Let $$a_{1}=1,a_{n+1}-a_{n}=a_{\lfloor\frac{n+1}{2}\rfloor}$$ if $a_{n}=\left(\overline{b_{1}b_{2}\cdots b_{n}}\right)_{10}$ show that the sequence $\{b_{n}\}$ can't periodic sequence
A sketch of my thoughts:
$a_{1},$so $ b_{1}=1$
$a_{2}-a_{1}=a_{1},a_{2}=2,$ so $b_{2}=2$
$a_{3}=a_{2}+a_{1}=3$ so $b_{3}=3$
$a_{4}=a_{3}+a_{2}=3+2=5$,so $b_{4}=5$
$a_{5}=a_{4}+a_{2}=7,b_{5}=7$
$a_{6}=a_{5}+a_{3}=7+3=10$ so $b_{6}=0$
$a_{7}=a_{6}+a_{3}=10+3=13$ so $b_{7}=3$
$a_{8}=a_{7}+a_{4}=13+5=18$,so $b_{8}=8$
$a_{9}=a_{8}+a_{4}=18+5=23$,so $b_{9}=3$
$a_{10}=a_{9}+a_{5}=23+7=30$,so $b_{10}=0$
$a_{11}=a_{10}+a_{5}=30+7=37$,so $b_{11}=7$ $$\cdots\cdots$$
Assume $a_n\bmod 10$ is (eventually) periodic with period $p$. Then so is $a_{n+1}-a_n\bmod 10$, i.e., $a_{\lfloor(n+1)/2\rfloor}\bmod 10$. If $p$ is even, this implies that $a_n\bmod 10$ is eventually periodic with period $\frac p2$. Therefore, if the sequence is eventually periodic then its minimal periof $p$ is odd.
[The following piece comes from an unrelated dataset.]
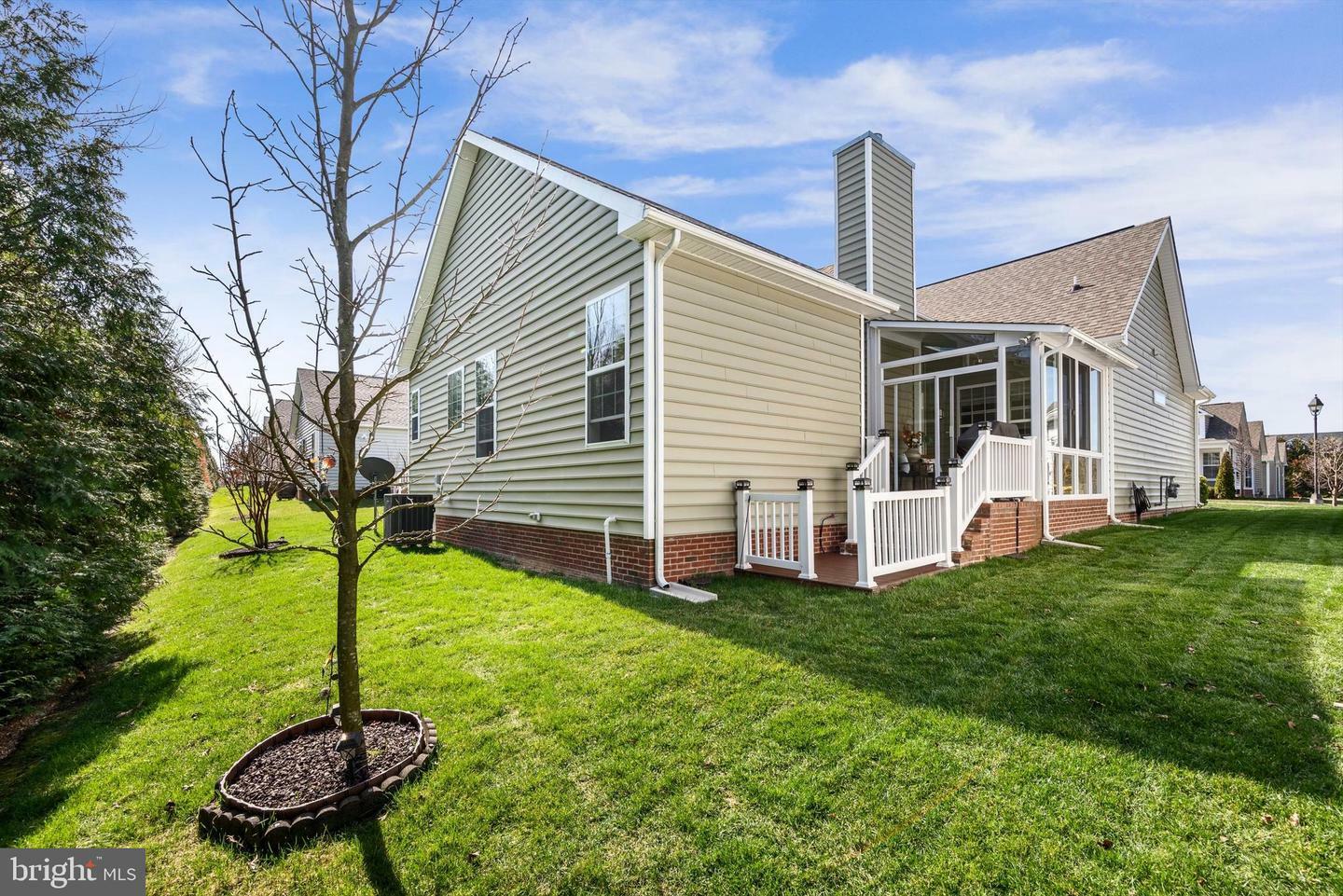 Property Photo:  130 Forget Me Not Drive  VA 22663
This odd $p$ is also a period of $a_{n+2}-2a_{n+1}+a_{n}\bmod 10 = a_{\lfloor (n+2)/2\rfloor}-a_{\lfloor (n+1)/2\rfloor}\bmod 10$. As this latter sequence is $0$ for all odd $n$, we conclude that it is zero for almost all $n$. This means that $a_{n+1}-a_n\bmod 10$ is eventually constant, and hence $a_{\lfloor(n+1)/2\rfloor}\bmod 10$ is eventually zero. But in order to have $a_n\equiv 0\pmod{10}$ for all $n\ge N$, we need $a_n\equiv 0\pmod{10}$ for all $n\ge \lfloor \frac{N+1}2\rfloor$. Hence the minimal such $N$ has the property $N\le \lfloor \frac{N+1}2\rfloor$, or $N\le 1$. We verify that $a_1\not\equiv 0\pmod{10}$, hence the original assumption of eventual periodicity is false.